Mar 28 2004

Dodged a bullet last night

Published by Andrew at 8:55 PM under Uncategorized

Our server almost died last night. I was SSH’d in and noticed a few defunct sendmal process. I also noticed a few wierd looking processes I didn’t recognize, running as root.
I tried to shutdown and restart Sendmail, which only resulted in a bunch more defunct sendmail processes. At first I thought the box had been hacked. Then I noticed NOTHING would terminate. Any process I tried to kill just became defunct. I coldn’t reboot. I tried ‘reboot”, “shutdown -r now”, ‘init 6′, even sending SIGHUP, SIGUSR1 and SIGINT to init. Nothing happened, (other than the standard wall message that the system was going down for reboot with the “shutdown -r now”).

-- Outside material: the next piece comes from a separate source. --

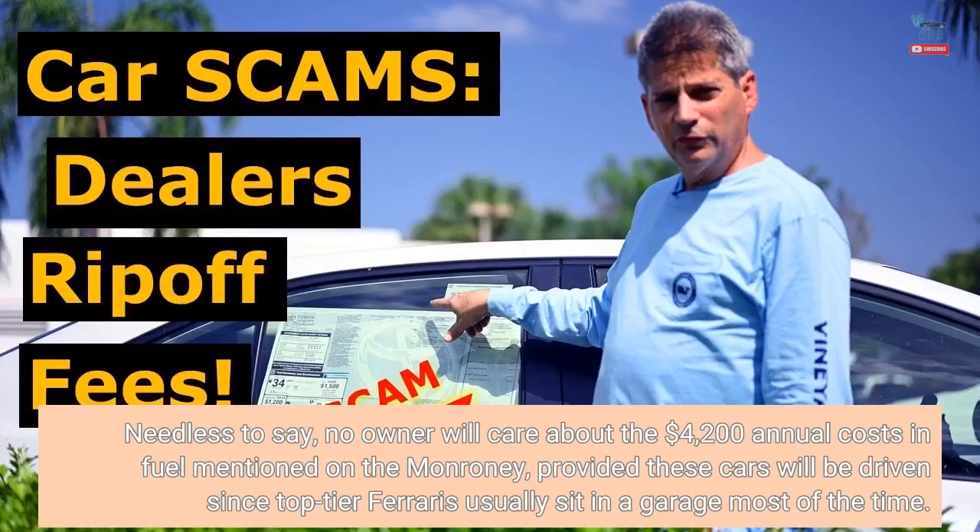Needless to say, no owner will care about the $4,200 annual costs in fuel mentioned on the Monroney, provided these cars will even be driven — since top-tier Ferraris usually sit in a garage most of the time.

Then the contents of my home directory disappeared. I started to panic.
I called Gunilla to see if she was in the office and could go across the hall to power cycle the box. I got her just in time. She and Thomas had left the office to go home and were not 10 seconds away from driving out of cell phone range.
They turned around and headed back to got.net and while they did that, I quickly copied the entire contents of /var/log to my home machine (thank god for 3mbps download speeds).

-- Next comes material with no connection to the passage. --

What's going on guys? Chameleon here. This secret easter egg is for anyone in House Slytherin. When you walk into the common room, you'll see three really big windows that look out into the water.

There was nothing in /var/log/dmesg, but executing the dmesg command showed all sorts of I/O problems with /dev/hda. The wierd part is /dev/hda is our data drive. The system is on /dev/md1, a SCSI RAID 5 array.
Once Thomas rebooted the machine all was fine. My home directory reappeared and everything seems to be running on. I’m doing post-mortem diagnostics now.